GENE REGULATION

Each cell expresses, or turns on, only a fraction of its genes. The rest of the genes are repressed, or turned off. The process of turning genes on and off is known as gene regulation. Gene regulation also allows cells to react quickly to changes in their environments. Gene regulation can occur at any point during gene expression, but most commonly occurs at the level of transcription (when the information in a gene's DNA is transferred to mRNA). Signals from the environment or from other cells activate proteins called transcription factors. These proteins bind to regulatory regions of a gene and increase or decrease the level of transcription. By controlling the level of transcription, this process can determine the amount of protein product that is made by a gene at any given time.

Introduction

• E. coli   lives in colon. It has a metabolic pathway that allows for the synthesis of the amino acid tryptophan (Trp).
  • This pathway starts with a precurser molecule and proceeds through five enzyme catalyzed steps before reaching the final Trp product.
• It is important that   E. coli   be able to control the rate of Trp synthesis because the amount of Trp available from the environment varies considerably.
  • If we eat a meal with little or no Trp, the   E. coli   in our gut must compensate by making more.
  • If we eat a meal rich in Trp,   E. coli   doesn't want to waste valuable resources or energy to produce the amino acid because it is readily available for use.
• Therefore,   E. coli   uses the amount of Trp present to regulate the pathway.
  • If levels are not adequate, the rate of Trp synthesis is increased.
  • If levels are adequate, the rate of Trp synthesis is inhibited.
• There are two ways of regulating the Trp pathway:
  • The first method works to decrease the synthesis of Trp by inhibiting the first enzyme in the pathway, preventing the rest of the pathway from proceeding.
  • What inhibits the first enzyme? Trp does!
    • The more Trp in the cell, the more that can bind to the first enzyme and prevent it from catalyzing the first step.
  • This method of regulation is feedback inhibition in which the end product of a pathway acts as an inhibitor of an enzyme in that pathway.
• The other method of control stops the production of the enzymes in the pathway at the transcription level.
  • Remember that enzymes are proteins that must be transcribed and translated from the genetic code.
  • If the genes for the enzymes are not transcribed to mRNA, then translation to the enzymes cannot occur.
  • Without enzymes, there is no Trp synthesis.
• This method of control is called regulation of gene expression because control is taking place at the genetic level. This method of control will now be examined in detail.

Trp Operon:

 

Fig. 21. Structure of trp operon

• The genes for the five enzymes in the Trp synthesis pathway are clustered on the same chromosome in what is called the Trp operon.

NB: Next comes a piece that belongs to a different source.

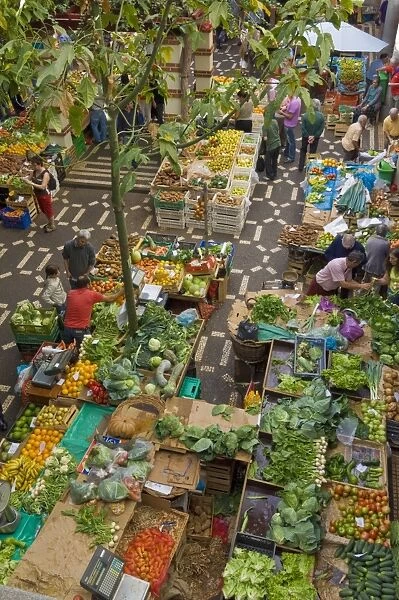 Mercado dos Lavradores, the covered market for producers of island food, Funchal, Madeira, Portugal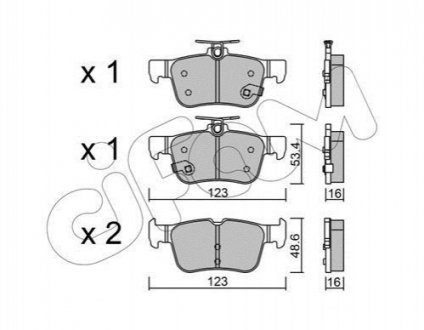 822-1040-0 CIFAM Гальмівні колодки Focus/Kuga/Mondeo 12-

• The Trp operon has three components:
• Five Structural Genes:
• These genes contain the genetic code for the five enzymes in the Trp synthesis pathway
• One Promoter:
• DNA segment where RNA polymerase binds and starts transcription
• One Operator:
• DNA segment found between the promoter and structural genes. It determines if transcription will take place. If the operator is turned "on", transcription will occur.
• When nothing is bonded to the operator, the operon is "on".
• RNA polymerase binds to the promoter and transcription is initiated.
• The five structural genes are transcribed to one mRNA strand.
• The mRNA will then be translated into the enzymes that control the Trp synthesis pathway.
• The operon is turned "off" by a specific protein called the repressor.
• The repressor is a product of the regulator gene which is found some distance from the operon.
• Transcription of the regulator produces mRNA which is translated into the repressor.
• The repressor is inactive in this form and cannot bind properly to the operator with this conformation.
• To become active and bind properly to the operator, a co-repressor must associate with the repressor.
• The co--repressor for this system is Trp
• This makes sense because E. coli does not want to synthesize Trp if it is available from the environment
• The more Trp available, the more that can associate with repressor molecules.
• An active repressor binds to the operator blocking the attachment of RNA polymerase to the promoter.
• Without RNA polymerase, transcription and translation of the structural genes can't occur and the enzymes needed for Trp synthesis are not made.